Agreed. If the csum_not_inet means it is a crc32 checksum then we
could just look at the offsets and as long as they are correct for
sctp we could just go forward with what we have.

> >

> > > v1->v2:

> > >   - improve the changelog.

> > >   - fix "rev xmas tree" in varibles declaration.

> > >

> > > Signed-off-by: Xin Long <lucien.xin@gmail.com>

> > > ---

> > >  net/ipv4/gre_offload.c | 15 ++++-----------

> > >  1 file changed, 4 insertions(+), 11 deletions(-)

> > >

> > > diff --git a/net/ipv4/gre_offload.c b/net/ipv4/gre_offload.c

> > > index e0a2465..a681306 100644

> > > --- a/net/ipv4/gre_offload.c

> > > +++ b/net/ipv4/gre_offload.c

> > > @@ -15,10 +15,10 @@ static struct sk_buff *gre_gso_segment(struct sk_buff *skb,

> > >                                        netdev_features_t features)

> > >  {

> > >         int tnl_hlen = skb_inner_mac_header(skb) - skb_transport_header(skb);

> > > -       bool need_csum, need_recompute_csum, gso_partial;

> > >         struct sk_buff *segs = ERR_PTR(-EINVAL);

> > >         u16 mac_offset = skb->mac_header;

> > >         __be16 protocol = skb->protocol;

> > > +       bool need_csum, gso_partial;

> > >         u16 mac_len = skb->mac_len;

> > >         int gre_offset, outer_hlen;

> > >

> > > @@ -41,10 +41,11 @@ static struct sk_buff *gre_gso_segment(struct sk_buff *skb,

> > >         skb->protocol = skb->inner_protocol;

> > >

> > >         need_csum = !!(skb_shinfo(skb)->gso_type & SKB_GSO_GRE_CSUM);

> > > -       need_recompute_csum = skb->csum_not_inet;

> > >         skb->encap_hdr_csum = need_csum;

> > >

> > >         features &= skb->dev->hw_enc_features;

> > > +       /* CRC checksum can't be handled by HW when SCTP is the inner proto. */

> > > +       features &= ~NETIF_F_SCTP_CRC;

> > >

> > >         /* segment inner packet. */

> > >         segs = skb_mac_gso_segment(skb, features);

> >

> > Do we have NICs that are advertising NETIF_S_SCTP_CRC as part of their

> > hw_enc_features and then not supporting it? Based on your comment

> Yes, igb/igbvf/igc/ixgbe/ixgbevf, they have a similar code of SCTP

> proto validation.


Yeah, it is old code. It was added in 4.6 before tunnels supported
SCTP_CRC I am guessing. It looks like csum_not_inet wasn't added until
4.13. So it would probably be best to fix the drivers since the driver
code is outdated.

> > above it seems like you are masking this out because hardware is

> > advertising features it doesn't actually support. I'm just wondering

> > if that is the case or if this is something where this should be

> > cleared if need_csum is set since we only support one level of

> > checksum offload.

> Since only these drivers only do SCTP proto validation, and "only

> one level checksum offload" issue only exists when inner packet

> is SCTP packet, clearing NETIF_F_SCTP_CRC should be enough.

>

> But seems to fix the drivers will be better, as hw_enc_features should

> tell the correct features for inner proto. wdyt?

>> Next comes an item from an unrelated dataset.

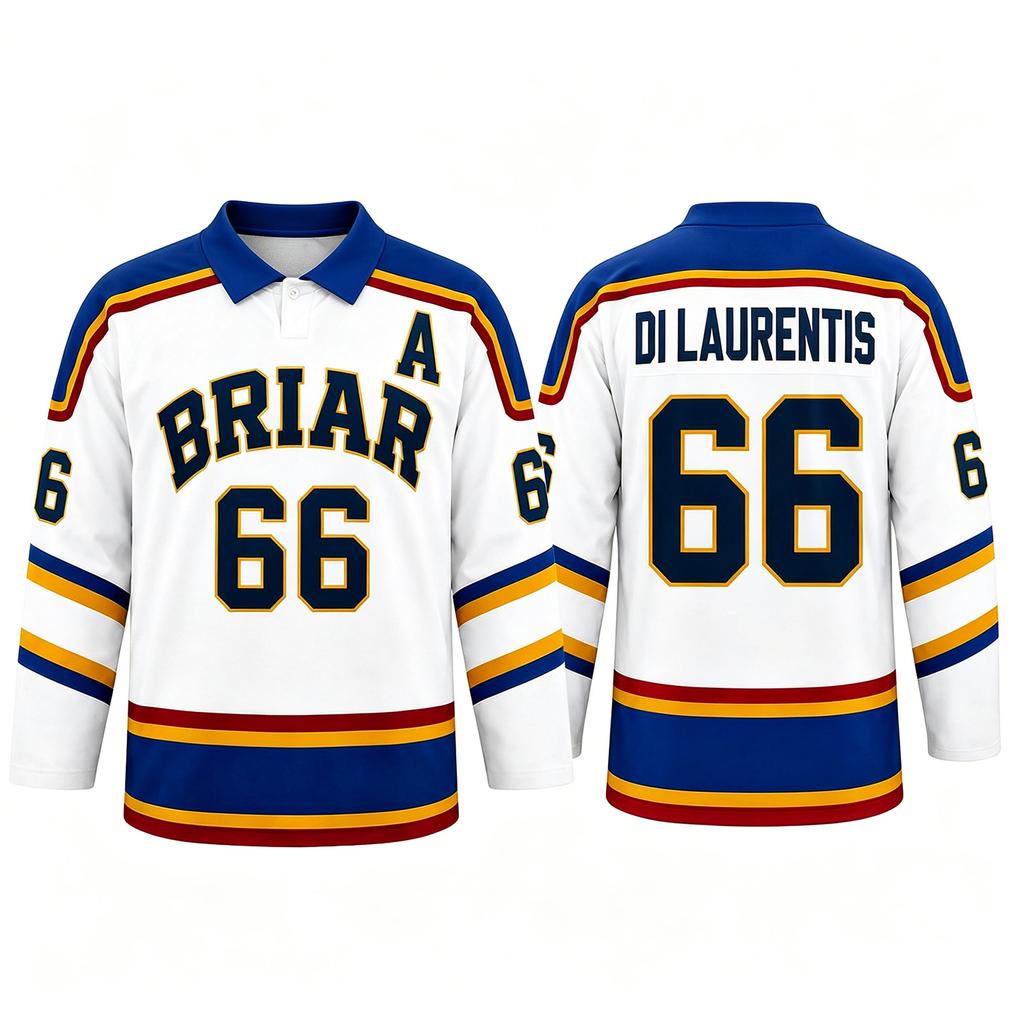 Men's Long Sleeve Ice Hockey Jersey Mesh Fabric Printed Number and Letter Design Classic Fit Polo Collar Sports Shirt
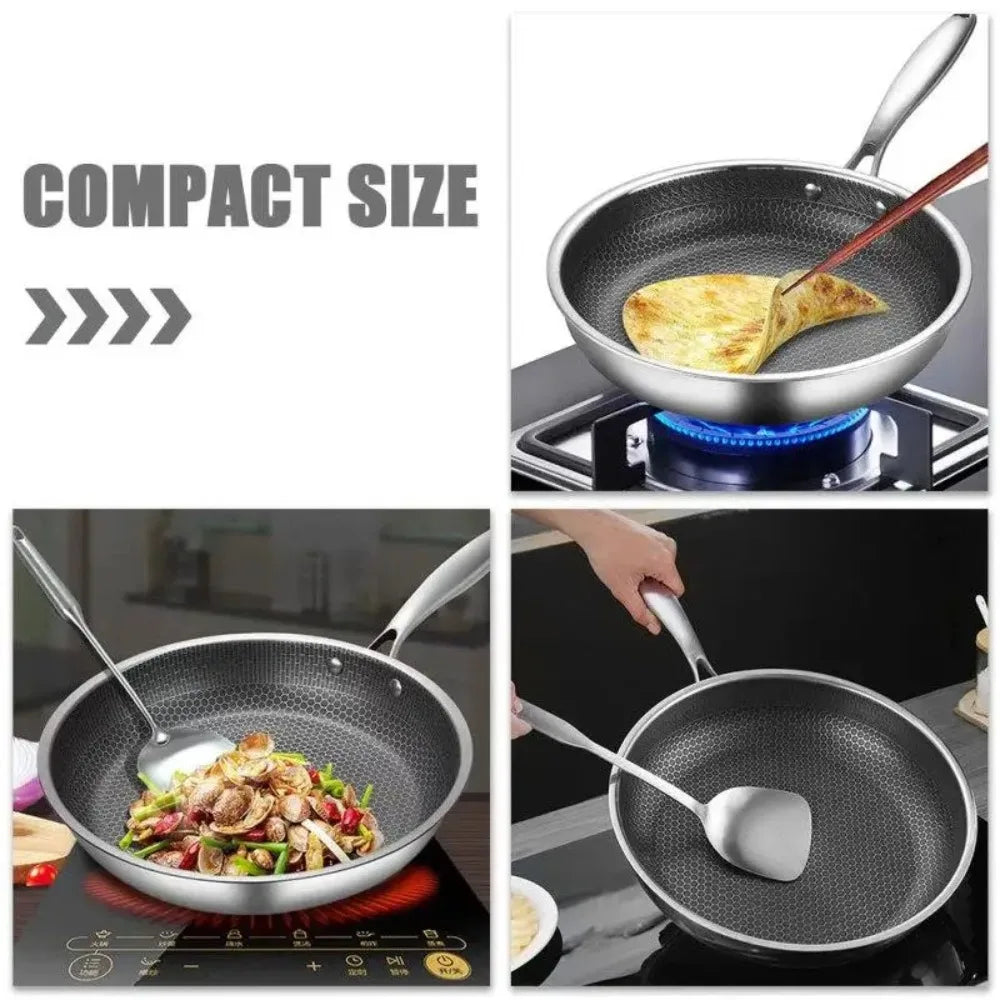 26/28/30cm Frying Pan Stainless Steel Honeycomb Pot Non-coated NonStick Pan Thickened Steak Cooking Pot Gas Induction Cooker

Yes, it would be better to fix the drivers. However the one limitation
is that this will only work when we don't have an outer checksum in
place. If we have an outer checksum then we have to compute the crc32
checksum and then offload the outer checksum if we can.

> (Just note udp tunneling SCTP doesn't have this issue, as the outer

>  udp checksum is always required by RFC)


Thanks. I wasn't aware of that.

> >

> > > @@ -99,15 +100,7 @@ static struct sk_buff *gre_gso_segment(struct sk_buff *skb,

> > >                 }

> > >

> > >                 *(pcsum + 1) = 0;

> > > -               if (need_recompute_csum && !skb_is_gso(skb)) {

> > > -                       __wsum csum;

> > > -

> > > -                       csum = skb_checksum(skb, gre_offset,

> > > -                                           skb->len - gre_offset, 0);

> > > -                       *pcsum = csum_fold(csum);

> > > -               } else {

> > > -                       *pcsum = gso_make_checksum(skb, 0);

> > > -               }

> > > +               *pcsum = gso_make_checksum(skb, 0);

> > >         } while ((skb = skb->next));

> > >  out:

> > >         return segs;

> > > --

> > > 2.1.0

> > >
Xin Long Jan. 13, 2021, 9:46 a.m. UTC | #4
On Wed, Jan 13, 2021 at 10:11 AM Alexander Duyck
<alexander.duyck@gmail.com> wrote:
>

> On Mon, Jan 11, 2021 at 9:14 PM Xin Long <lucien.xin@gmail.com> wrote:

> >

> > On Tue, Jan 12, 2021 at 12:48 AM Alexander Duyck

> > <alexander.duyck@gmail.com> wrote:

> > >

> > > On Mon, Jan 11, 2021 at 5:22 AM Xin Long <lucien.xin@gmail.com> wrote:

> > > >

> > > > This patch is to let it always do CRC checksum in sctp_gso_segment()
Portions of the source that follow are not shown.